A più riprese, la Tokyo Electric Power Company (TEPCO, che gestisce anche Fukushima) è stata denunciata per la mancanza di trasparenza su alcuni problemi di cattivo funzionamento a Kashiwazaki, tra questi una deliberata falsificazione di dati fornita nel 2002 alle autorità” confida Baba Yukio. Il terremoto del 1964 è stato seguito da uno tsunami che ha risalito il fiume Shinano. Sebbene nella regione di Niigata il rischio tsunami sia meno elevato rispetto al Tôhoku (nel nord-est del paese), gli esperti hanno valutato che onde di quindici metri di altezza potrebbero abbattersi sul litorale della prefettura nel futuro. Di conseguenza, sono state prese diverse misure per migliorare la sicurezza della centrale, in particolare la costruzione di una diga marittima profonda una cinquantina di metri. “Cio’ che ritengo particolarmente inquietante, è che non sia stata trovata ancora nessuna soluzione per il trattamento delle scorie radioattive. Paragono spesso l’industria nucleare a un castello senza toilette. Potete costruire la dimora più bella, ma se non riuscite a sbarazzarvi degli scarti che producete, è uno sforzo inutile. A mio avviso, se non si riesce a risolvere rapidamente questo problema, dobbiamo imperativamente cercare un altro tipo di energia più pulita e più sicura. Osservate quel che succede a Fukushima: non credo che versare enormi quantità di acqua radioattiva in mare sia la cosa migliore da fare” prosegue il redattore capo. Nel 2008, il Niigata Nippô ha ottenuto un nuovo premio per la sua serie consacrata al deficit di sicurezza della centrale di Kashiwazaki-Kariwa.
Quando gli si chiede quali siano le storie che interessano maggiormente i lettori del suo giornale, Baba Yukio menziona velocemente la relazione tra il Giappone e la Corea del Nord, in particolare la spinosa questione dei rapimenti. A partire da Yokota Megumi nel 1977, almeno cinque abitanti di Niigata sarebbero stati rapiti dai servizi segreti nord-coreani allo scopo di insegnare ai propri agenti la lingua e le abitudini dei giapponesi.
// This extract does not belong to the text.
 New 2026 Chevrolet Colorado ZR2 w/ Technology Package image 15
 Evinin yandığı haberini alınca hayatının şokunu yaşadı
Il caso di Megumi è quello che ha maggiormente attirato l’attenzione: la ragazzina aveva appena tredici anni quando è scomparsa rientrando da scuola. Come spiega il giornalista del quotidiano Hara Takashi, due fattori spiegano che la prefettura sia diventata il “terreno di caccia” preferito dei nord-coreani. “Prima di tutto, Niigata è il punto più vicino alla Corea del Nord. Ci sono soltanto 900 chilometri fra le due coste. D’altra parte, ed è forse il punto principale, esiste un legame storico tra Niigata e la Corea: numerosi migranti coreani che avevano lavorato in Giappone negli anni Trenta e Quaranta, sono stati rimpatriati dopo la guerra e le navi che li hanno trasportati verso la loro patria sono partite da Niigata. Era facile quindi infiltrare il Giappone, per le spie comuniste”, spiega.
Il reporter fa parte del team che copre la vicenda fin dal rapimento di Megumi. Il lavoro senza sosta per scoprire la verità è stato riconosciuto nel 2004, quando il Niigata Nippô è stato premiato per per la serie di articoli “Rapimenti – Corea del Nord”.
“Per noi l’importante è mantenere il dossier aperto e vegliare affinché la storia non sia deformata o recuperata a fini politici, come tenta di fare la destra giapponese. Abbiamo il dovere di assicurarci che la sorte di Megumi non sia dimenticata” aggiunge.